Installation view of  "The Value of Good Design" at The Museum of Modern Art, New York (February 10–June 15, 2019).


“Is there art in a broomstick?” That’s the question on a placard introducing the fascinating small exhibition I unexpectedly stumbled on recently at New York’s Museum of Modern Art. It’s also at the heart of “The Value of Good Design,” on view through June 15.

Located on the third floor, the exhibition is easy to miss on the way to the fifth-floor’s more popular masterworks, including “Starry Night” by Van Gogh and “The Dance,” among other luminous pieces by Matisse. It’s well worth the detour and is a refreshing break from the crowds even if you’re not a fan of mid-century modern design (and these days, who isn’t?).

If you are a fan you’ll be enthralled by the clean lines of objects and furniture you may have in your house and may have taken for granted. From Chemex coffee pots, invented in 1941 by a German chemist and inspired by laboratory equipment, to plastic Tupperware and streamlined Russel Wright ceramics, it’s a treasure trove of the art of everyday life,  

With hundreds of objects from domestic furnishings and appliances to ceramics, glass, electronics, transport design, sporting goods, toys, and graphics, “The Value of Good Design” explores the democratizing potential of design, beginning with MoMA’s Good Design initiatives from the late 1930s through the 1950s, which championed well-designed, affordable contemporary products. Many of the objects will look familiar, from the fore-mentioned Tupperware, invented in 1946, to a classic Olivetti typewriter from 1950.

Highlights come in all shapes and sizes, from a tiny shrimp cleaner from 1954 to a full-size Fiat Cinquecento automobile parked in the center of the space. In between you’ll find the Slinky, designed in 1945, an Eames La Chaise, Eva Zeisel ceramics, Isamu Noguchi table, George Nelson clock, textiles, furniture, even a futuristic Spacelander bike that dates to 1946.

The exhibition also raises questions about what good design means today, and whether values from mid-century can be translated and redefined for a 21st-century audience. Visitors are invited to judge for themselves by trying out a few classics still in production in a small area at the back of the exhibition.
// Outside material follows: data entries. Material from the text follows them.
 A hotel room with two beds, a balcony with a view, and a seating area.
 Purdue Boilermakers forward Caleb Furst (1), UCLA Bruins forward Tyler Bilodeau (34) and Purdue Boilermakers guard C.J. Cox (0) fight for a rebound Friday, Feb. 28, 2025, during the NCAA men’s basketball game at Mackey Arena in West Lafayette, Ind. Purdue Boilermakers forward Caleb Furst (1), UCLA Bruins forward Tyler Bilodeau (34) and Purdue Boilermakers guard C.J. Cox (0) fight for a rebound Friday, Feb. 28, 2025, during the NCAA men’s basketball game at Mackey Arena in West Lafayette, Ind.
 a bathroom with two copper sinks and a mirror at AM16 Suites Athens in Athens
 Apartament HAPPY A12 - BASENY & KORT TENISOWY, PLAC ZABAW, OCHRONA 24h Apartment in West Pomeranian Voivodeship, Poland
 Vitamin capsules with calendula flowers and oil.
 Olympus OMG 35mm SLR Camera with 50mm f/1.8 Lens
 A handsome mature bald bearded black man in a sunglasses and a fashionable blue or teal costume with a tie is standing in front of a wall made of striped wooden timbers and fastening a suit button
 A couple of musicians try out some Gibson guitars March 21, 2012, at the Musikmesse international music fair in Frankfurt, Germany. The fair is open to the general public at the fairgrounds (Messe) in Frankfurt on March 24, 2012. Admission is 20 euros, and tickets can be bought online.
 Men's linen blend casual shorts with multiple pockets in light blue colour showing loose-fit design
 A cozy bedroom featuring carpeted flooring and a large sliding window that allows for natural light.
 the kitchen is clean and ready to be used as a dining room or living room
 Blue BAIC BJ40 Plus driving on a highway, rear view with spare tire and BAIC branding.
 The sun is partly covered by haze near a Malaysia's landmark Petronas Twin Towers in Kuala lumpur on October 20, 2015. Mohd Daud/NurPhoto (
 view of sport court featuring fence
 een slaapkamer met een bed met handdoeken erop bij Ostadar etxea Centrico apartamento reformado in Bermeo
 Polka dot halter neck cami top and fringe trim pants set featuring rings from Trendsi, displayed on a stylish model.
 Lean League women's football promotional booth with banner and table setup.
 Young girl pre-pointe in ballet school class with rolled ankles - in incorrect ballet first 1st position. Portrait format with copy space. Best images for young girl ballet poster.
The chance to catch the exhibition is limited, however. It ends in mid-June as the museum closes to prepare for the unveiling of a massive renovation. While I couldn’t find a broomstick, there is an electric vacuum cleaner that dates to 1956, proving that, if well designed, things like pepper mills, rakes, vacuum cleaners and shrimp cleaners can indeed qualify as art.